Following discussion in the thread [
webmasterworld.com...] last week re: Google Chrome Instant I delved into the X-Purpose (aka X_Purpose) header.
It seems Safari has long used this for the Top Ten Sites preview in their browser, which puts a small extra load on a web server - or larger if you have a site that's popular with Mac users).
Now Google Chrome, based on Safari, has begun using X-Purpose to indicate a kind of pre-fetching ("We'll show you pages much faster than..." What?!).
A week ago I coded a response to both that would return a 200 instead of the 403 I would normally return.
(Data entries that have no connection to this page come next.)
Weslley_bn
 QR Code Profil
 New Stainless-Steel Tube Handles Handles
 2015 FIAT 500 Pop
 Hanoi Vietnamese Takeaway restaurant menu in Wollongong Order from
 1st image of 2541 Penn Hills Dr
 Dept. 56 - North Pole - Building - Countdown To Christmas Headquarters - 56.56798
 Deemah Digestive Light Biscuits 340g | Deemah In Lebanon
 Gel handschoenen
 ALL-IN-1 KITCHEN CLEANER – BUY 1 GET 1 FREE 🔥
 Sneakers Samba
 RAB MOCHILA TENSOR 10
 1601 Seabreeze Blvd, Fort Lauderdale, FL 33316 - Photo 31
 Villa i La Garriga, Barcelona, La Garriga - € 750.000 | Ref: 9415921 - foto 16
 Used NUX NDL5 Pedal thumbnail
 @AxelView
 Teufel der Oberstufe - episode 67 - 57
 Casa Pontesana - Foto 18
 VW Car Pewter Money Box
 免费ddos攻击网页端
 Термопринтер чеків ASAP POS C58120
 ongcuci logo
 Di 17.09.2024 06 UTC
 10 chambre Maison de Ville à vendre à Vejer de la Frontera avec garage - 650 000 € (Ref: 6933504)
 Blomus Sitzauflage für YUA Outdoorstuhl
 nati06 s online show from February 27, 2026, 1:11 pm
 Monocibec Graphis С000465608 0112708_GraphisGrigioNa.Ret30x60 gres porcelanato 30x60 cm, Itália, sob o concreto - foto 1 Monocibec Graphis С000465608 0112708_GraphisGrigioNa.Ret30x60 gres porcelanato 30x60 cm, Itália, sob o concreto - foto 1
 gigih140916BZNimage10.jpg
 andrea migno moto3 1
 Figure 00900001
I arranged to accompany the code with a brief piece of text saying why they couldn't have the real page.
Why code 200?
I'm not worried about the Preview - that is just a desktop thing - but the return code is part of the same response coding. The real reason for returning 200 was to by-pass google, which claims it blacklists the pages (in the browser only, but...) if it sees anything other than a 200. In the thread linked to above, someone states that "blacklist" refers to the preview only, but google's text is ambiguous and there is no point taking chances, what with google now listing fewer and fewer real pages in SERPS.
NB: I also caught a Chrome asking for a Preview (but no Instant). So far, apart from that single instance, I have had one chrome browser asking for Instant views of half a dozen pages, two of which were my "report your problem here" pages (which they don't seem to have done). I have not yet worked out how they got to those report pages.